Arminen Fink und Westermann haben sich ohne Druck bestens entfaltet

Von Dirk Schuster
Bielefeld (WB). Über eine Frage kann Thomas von Heesen immer wieder nur schmunzeln. »Was machen Sie, wenn alle Spieler wieder fit sind?« »Erstens«, antwortet Arminia Bielefelds Trainer dann stets, »stellt sich für mich diese Frage nicht. Zweitens gäbe es für einen Trainer doch nichts Schöneres.«

Denn in diesem Punkt unterscheidet sich Thomas von Heesen von keinem Coach der Welt: »Konkurrenz belebt das Geschäft« zählt auch zu seinen Leitsätzen.
Dabei kann bei Arminia Bielefeld durchaus der Eindruck entstehen, dass viele Spieler auch ganz gut ohne Konkurrenzdruck leben und vor allem spielen können. Mangels Alternativen stellt sich die Mannschaft Woche für Woche fast von selbst auf. Aber nicht etwa, weil es der zweiten Reihe an Qualität fehlt, sondern weil schlicht kaum noch eine zweite Reihe da ist, aus der sich jemand aufdrängen könnte.
Wozu das im schlimmsten Fall führen kann, zeigt das Beispiel Borges. Nachdem der Brasilianer beim Spiel in Wolfsburg zum fünften mal Gelb gesehen hat und ein Spiel aussetzen muss, ist Trainer Thomas von Heesen beinahe gezwungen, gegen Schalke einen A-Jugend-Abwehrspieler in der Bundesliga debütieren zu lassen.

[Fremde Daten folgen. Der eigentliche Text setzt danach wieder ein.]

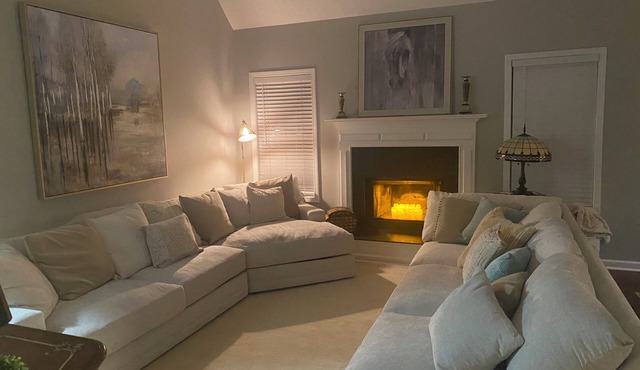 4 bedroom beautifully furnished home on over an acre. Close to 1-85 and Athens.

Es lohnt sich aber auch zu prüfen, wozu das im besten Fall führen kann. Zum Beispiel dazu, dass sich ein blutjunger Spieler wie Heiko Westermann (22) so prächtig entwickelt, dass er nach 14 Bundesligapartien auftritt, als wären es mindestens 40 gewesen. Vom Konkurrenzdruck befreit legt der ehemalige Fürther Woche für Woche Top-Leistungen hin und hat die nicht unerhebliche Lücke, die die langwierige Knieverletzung Petr Gabriels in die DSC-Deckung gerissen hat, ausgezeichnet gestopft. Sogar so gut, dass für den Fall, dass eines Tages Westermann, Borges und Gabriel zugleich einsatzbereit sind, von Heesen vor der Qual der Wahl steht. »Welche Qual?«, wird der Trainer dann zurückfragen.

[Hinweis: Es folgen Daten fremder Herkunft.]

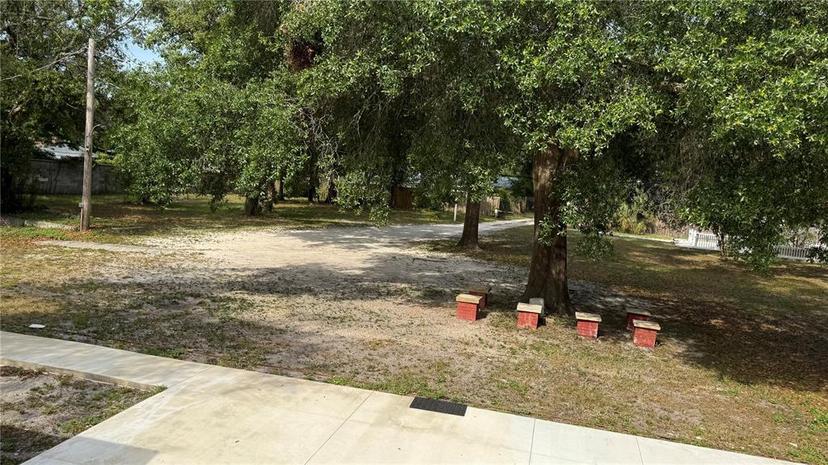 Picture of 11727 N Ola Avenue, Tampa FL 33612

Gleiches gilt für die Position im defensiven Mittelfeld. Hier ist Michael Fink (23) die Vertretung des langzeitverletzten Rüdiger Kauf mit Sicherheit auch deshalb so gut gelungen, weil ihm der Trainer sein uneingeschränktes Vertrauen schenkte. Was wiederum vor allem daran lag, dass von Heesen (fast) keine andere Wahl blieb, als auf Fink zu setzen.
Westermann und Fink - zwei Beispiele, die zeigen, dass fehlender Konkurrenzdruck auch entwicklungsfördernd wirken kann.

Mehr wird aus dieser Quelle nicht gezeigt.